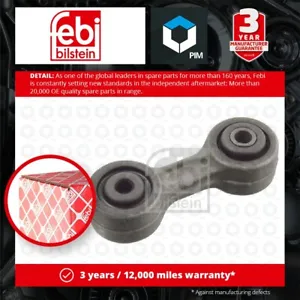 Anti Roll Bar Link Rear Left or Right 07248 Febi Stabiliser Drop Link Quality - Picture 1 of 2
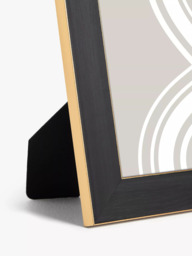John Lewis Flat Wood-Effect Photo Frame, Black/Gold - thumbnail 3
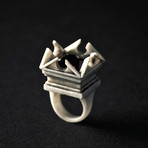 Temple Ring // White (Size 5)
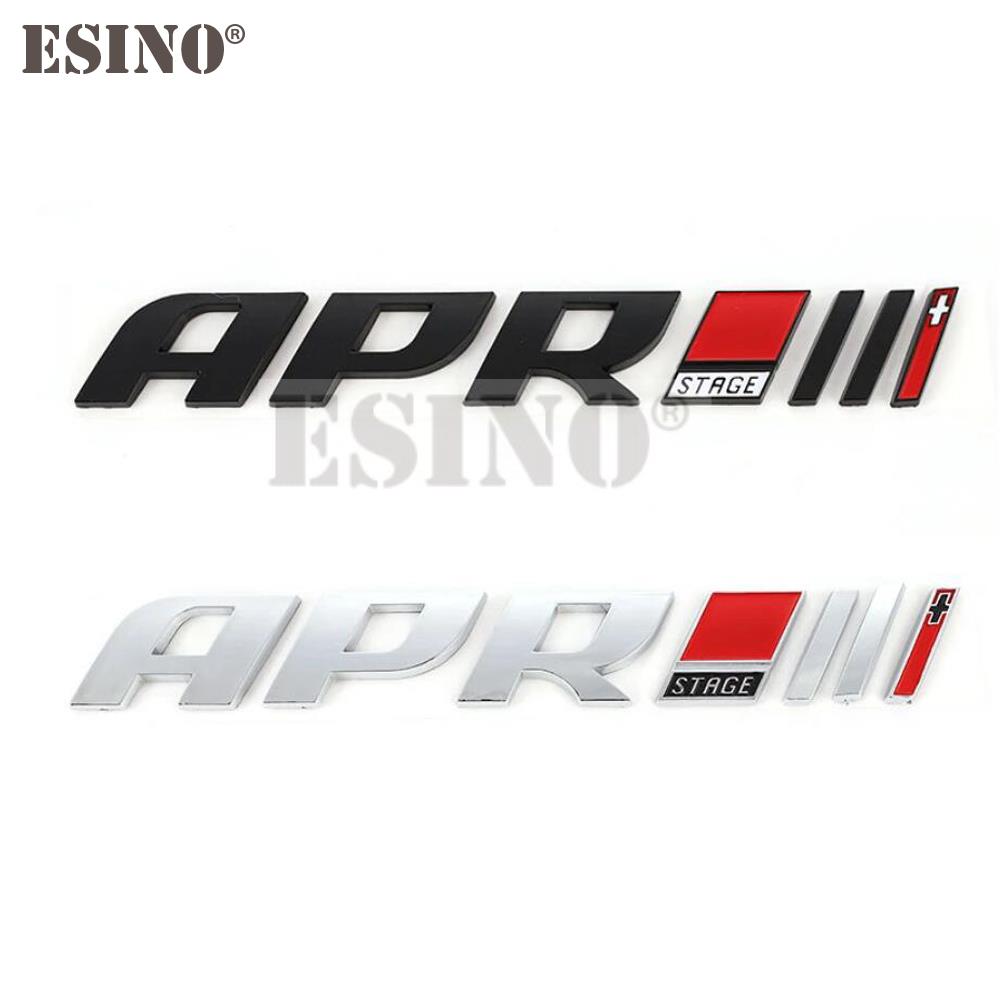 AAXT1 3D APR Logo Car Stickers Auto Badge Emblem Decal for APR Stage Logo For A4 A5 S4 S5 RS4 RS5 RS6 Q5 S5 Golf GTI R Scirocco R20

===

Restate verbatim the lines that begin at the one holding "Temple Ring // White (Size 5)" and end at the last line of the material. Exclude pictures.

• Response area
 Temple Ring // White (Size 5)
 AAXT1 3D APR Logo Car Stickers Auto Badge Emblem Decal for APR Stage Logo For A4 A5 S4 S5 RS4 RS5 RS6 Q5 S5 Golf GTI R Scirocco R20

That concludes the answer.